POWERFUL IMAGERY Soriano’s Postponing
Descent. |
Cross-pollination in the arts shows up in many media, but it is perhaps most evident in dance, where music and/or text almost always interact with movement phrases. A dance concert on Tuesday, June 10 at Providence College, titled Petitions, vividly illustrates this. Choreographer Christina Tsoules Soriano formerly lived in Providence and taught dance at Providence College, Rhode Island College, Salve Regina University, Festival Ballet, and Providence Ballet. Now an assistant professor at Wake Forest University in Winston-Salem, North Carolina, she will bring her new dance troupe, CTS Dance Company, to Rhode Island to present two new works — a refurbished solo (performed by Soriano) and a structured improvisation.Soriano uses four professional dancers from North Carolina and four Wake Forest students in this production, and she feels proud of giving undergraduates the chance to tour — they’ve already performed the 20-minute piece titled Every Text Has an Intertext in six venues in North Carolina. This piece was inspired by the “mesostic” poems of John Cage and the music of Arvo Pärt.
Soriano had heard a recording of Cage reading some of his “chance-oriented” poems, and she was haunted by the cadences of his voice and the resonance behind the stark words that he repeats.

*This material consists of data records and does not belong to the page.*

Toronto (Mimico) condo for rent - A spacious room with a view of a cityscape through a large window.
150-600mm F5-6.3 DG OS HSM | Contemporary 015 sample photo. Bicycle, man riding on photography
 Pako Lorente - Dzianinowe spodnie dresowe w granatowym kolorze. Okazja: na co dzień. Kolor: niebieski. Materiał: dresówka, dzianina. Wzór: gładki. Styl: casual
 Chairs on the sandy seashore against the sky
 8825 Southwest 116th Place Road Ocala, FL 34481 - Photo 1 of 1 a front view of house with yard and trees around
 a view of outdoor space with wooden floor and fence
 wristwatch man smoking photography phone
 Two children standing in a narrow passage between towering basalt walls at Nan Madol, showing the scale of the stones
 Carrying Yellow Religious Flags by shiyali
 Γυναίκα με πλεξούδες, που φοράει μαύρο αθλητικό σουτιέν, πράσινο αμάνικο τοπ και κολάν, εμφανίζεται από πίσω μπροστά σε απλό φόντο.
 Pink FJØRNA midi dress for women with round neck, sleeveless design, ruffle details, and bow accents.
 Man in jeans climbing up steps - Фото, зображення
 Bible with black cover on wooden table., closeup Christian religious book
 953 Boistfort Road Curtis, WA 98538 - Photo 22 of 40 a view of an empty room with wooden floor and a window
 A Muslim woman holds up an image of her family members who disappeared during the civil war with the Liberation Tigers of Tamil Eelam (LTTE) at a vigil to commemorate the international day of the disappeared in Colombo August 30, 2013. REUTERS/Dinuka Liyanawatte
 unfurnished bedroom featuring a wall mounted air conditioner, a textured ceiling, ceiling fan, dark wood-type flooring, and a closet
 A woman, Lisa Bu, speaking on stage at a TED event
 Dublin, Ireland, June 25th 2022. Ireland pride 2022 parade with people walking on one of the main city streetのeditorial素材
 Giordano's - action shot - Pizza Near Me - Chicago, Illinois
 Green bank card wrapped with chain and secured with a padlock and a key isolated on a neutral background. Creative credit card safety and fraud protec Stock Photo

“I picked the words I wanted to work with the most: ‘structure,’ ‘intention,’ ‘devotion,’ ‘chance,’ ‘method,’ ” she recalled in a recent phone conversation from her office at Wake Forest. “I also realized that I needed excerpts of the poems that I could hold onto thematically, short phrases with a message, something to think about, little moments that are stunning.
“Essentially, you hear short excerpts of these poems layered into the Arvo Pärt track, which is from Spiegel im Spiegel and Für Alina,” Soriano continued. “It also became evident that I wanted to see the words on the bodies of the dancers at key points in the piece, so I worked with a costume designer to help with the revealing of words on the arms. There’s a big zipper on the left arm, and as it stays open, the weight swings as the dancing happens.”
As Soriano watched her dancers in rehearsal, she became aware of “a lot of reverence in the movement, a lot of awestruck references upwards,” and thus Petitions seemed the right title for the concert. The dancers work in duets and quartets, often crawling on their knees, and the dance came to look to her like a “prayerful ritual,” although she hastened to clarify that she didn’t set out with that theme in mind — “the dance gradually reveals to me what it is about.”
The solo, Beginnings, actually had its premiere at PC — “I love that I’m coming back to where I started doing it.” She asked several people in the Rhode Island dance world what makes the beginning of a dance, and she recorded a script to which she responds live onstage.
“I feel like this piece reveals a lot of the inner workings of my process,” she reflected. “The self-doubt moments, the revelations when it all makes sense.”
Next she will perform a structured improv with two of her students to the music of Rosemary Clooney, with a white picket fence and ’50s dresses.
“Colleagues at Wake Forest asked, ‘Is this you commenting on your neighborhood in the South, stirring things up?’ ” Soriano related, with a laugh. “At first, I didn’t want to call upon the blatant images of the fence, but now I’ve decided that I do want to think of it as what happens on one side vs. another.”
The last piece, Postponing Descent, is set to a Brian Eno score, with the dancers in white, billowy costumes.
“There was something really powerful for me about parachutes, airplanes, the wind, the clouds,” Soriano explained. “This has moments for the dancers as embodied angels, but I finish it with these WWII jet bomber noises, and there is a long moment of disarray and panic. But the closing image is of a white parachute dropping, as they look upward to it.”
Though she didn’t set out to make a political piece, Soriano sees that ending as signifying hope.
“Everything feels kind of broken, but I think it’s going to be okay,” she affirmed.